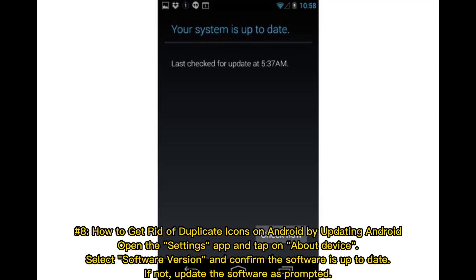Method 8: How to get rid of duplicate icons on Android by updating Android. Open the Settings app and tap on About Device. Select Software Version and confirm the software is up to date. If not, update the software as prompted.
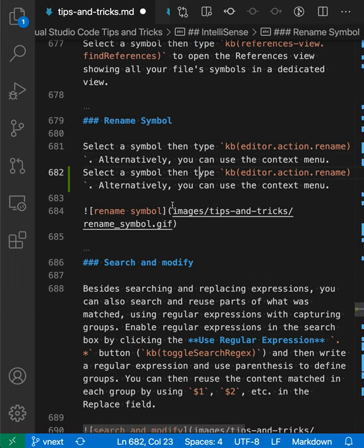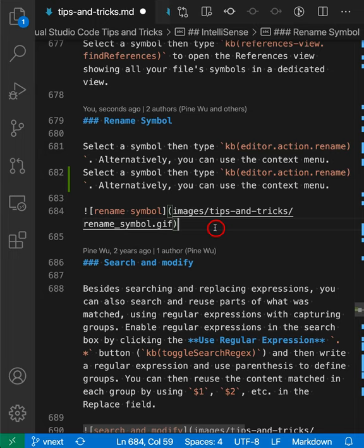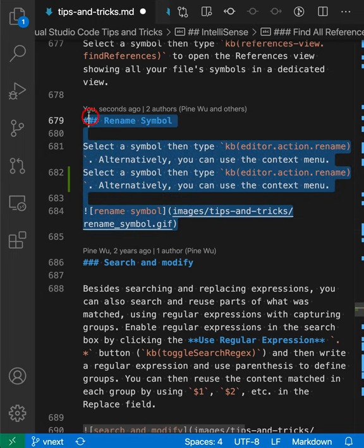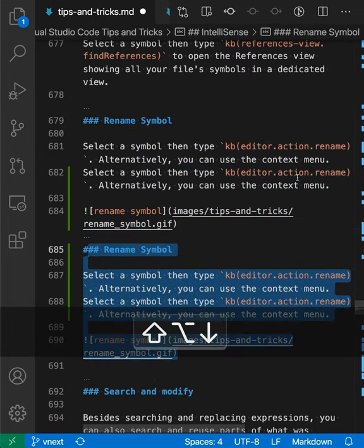So again, that was Alt-Shift-Down-Arrow or Option-Shift-Down-Arrow to duplicate that line. Now this also works with selections, so let's say I wanted to duplicate an entire selection. I'll just make the selection and then press Alt-Shift-Down-Arrow or Option-Shift-Down-Arrow, and I'll duplicate that entire selection.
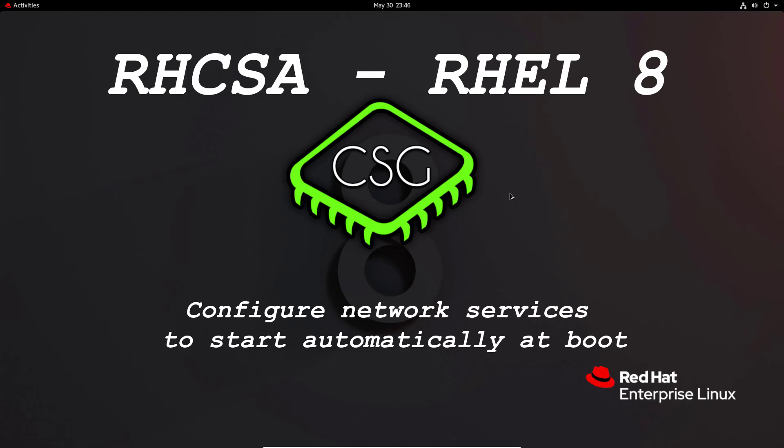Hi and welcome to another video in the RHCSA video series. Today's video is on Configure Network Services to Start Automatically at Boot.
+ + + +
* DIRECTIONS FOR THIS TASK:
Once the pictures are set aside, give every line above again without alteration.

* RESPONSE TO THE TASK:
Method 8: How to get rid of duplicate icons on Android by updating Android. Open the Settings app and tap on About Device. Select Software Version and confirm the software is up to date. If not, update the software as prompted.
So again, that was Alt-Shift-Down-Arrow or Option-Shift-Down-Arrow to duplicate that line. Now this also works with selections, so let's say I wanted to duplicate an entire selection. I'll just make the selection and then press Alt-Shift-Down-Arrow or Option-Shift-Down-Arrow, and I'll duplicate that entire selection.
Hi and welcome to another video in the RHCSA video series. Today's video is on Configure Network Services to Start Automatically at Boot.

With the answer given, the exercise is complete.